Sri Lanka hit back after maiden Robson ton
England 320 for 6 (Jordan 4*, Prior 3*) lead Sri Lanka 257 by 63 runs
Scorecard and ball-by-ball details
Sam Robson. It is a name that signifies no messing, a straightforward, orthodox sort of name. It will sound even more upstanding to those who watched Sam Robson make his maiden Test hundred at Headingley.
Do not be fooled by the instant rewards of a hundred in only his second Test. Nothing is likely to come easily for Robson in his England Test career. He is a batsman of few fripperies, earnestly committed to the long haul. He made 127 before Nuwan Pradeep, armed with the second new ball, brought one back to strike his off stump, causing England to stumble to a lead of 63 with four wickets remaining by the close.
That lead is not what it should be. Sri Lanka made excellent use of that second new ball as evening cloud cover thickened. From 278 for 2, England subsided to 313 for 6. Joe Root was furious with himself at guiding Angelo Mathews to the wicketkeeper. Moeen Ali was worked over too easily for his own peace of mind, driving loosely at Shaminda Eranga, the innings of a Headingley ingénue. Sri Lanka are still in the Test, a reward for hanging in there.
The meat of the day for England - a slow roast - came in a second-wicket stand between Robson and Gary Ballance of 142 in 49 overs, a productive alliance between two new players to warm a selector's heart. Ballance was occasionally the more robust, but Robson possessed an understated quality.

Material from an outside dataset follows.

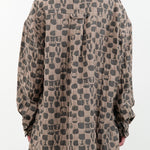 Henrik Vibskov Apparel Womens Blouses Big Shirt in Brown Black Chess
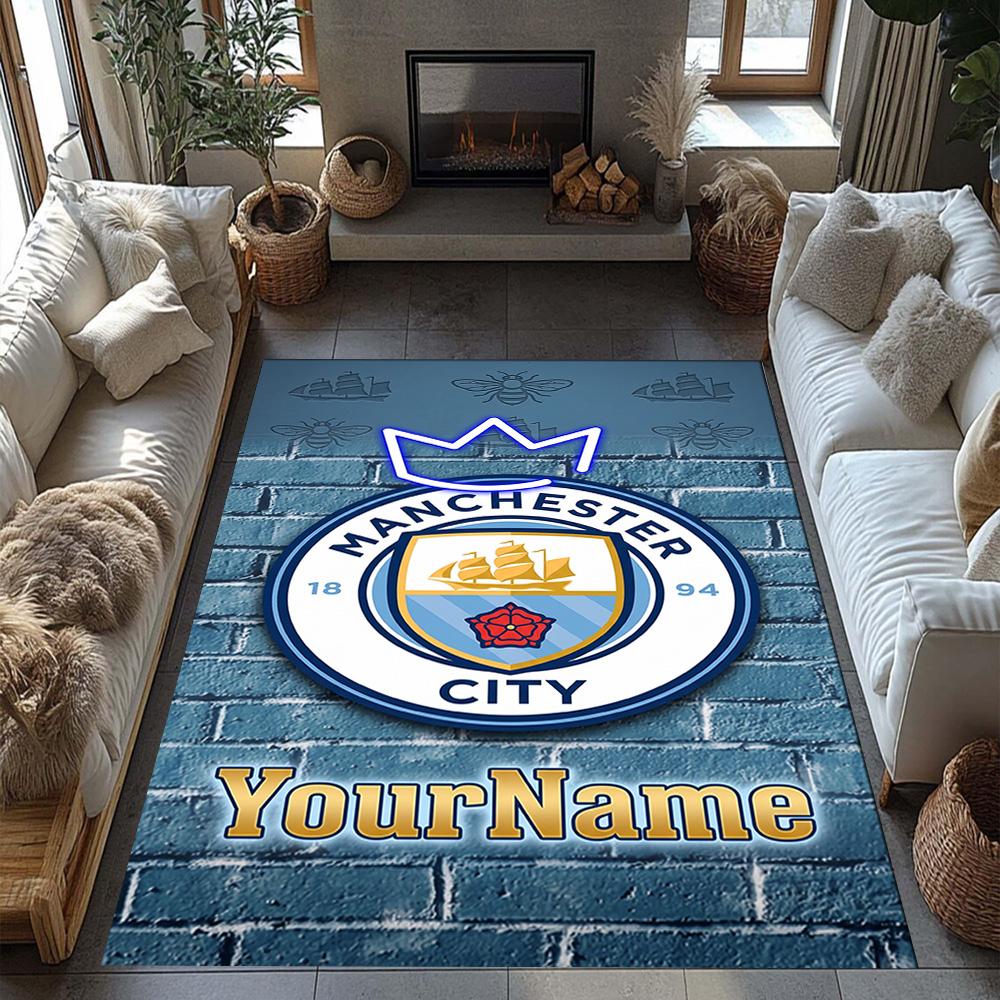 Manchester City Customize Your Name Floor Mat Design for Playrooms Study room Hallway Entryway Anti-slip Rug Anime Office Decor Wedding Party Gift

There was also an overly cute innings of 64 from Ian Bell, who was warmly received on his 100th Test - proof of a more exalted status these days - and who provided the impetus England needed, but nevertheless seemed a little too lightsome, addicted to the back cut that has brought him so much sustenance over the past year. He was strangled down the leg side, flicking at a nondescript ball from Eranga.
Mathews, a reluctant fourth seamer, his injury issues no doubt at the forefront of his mind, bowled at around 75mph (120kph) yet drew as much seam and bounce as any Sri Lanka bowler from the surface. He could also have dismissed Matt Prior for nought but failed to hold a low catch as he dived heavily to his right. With worse luck, Prior's Test comeback could have resulted in three successive ducks.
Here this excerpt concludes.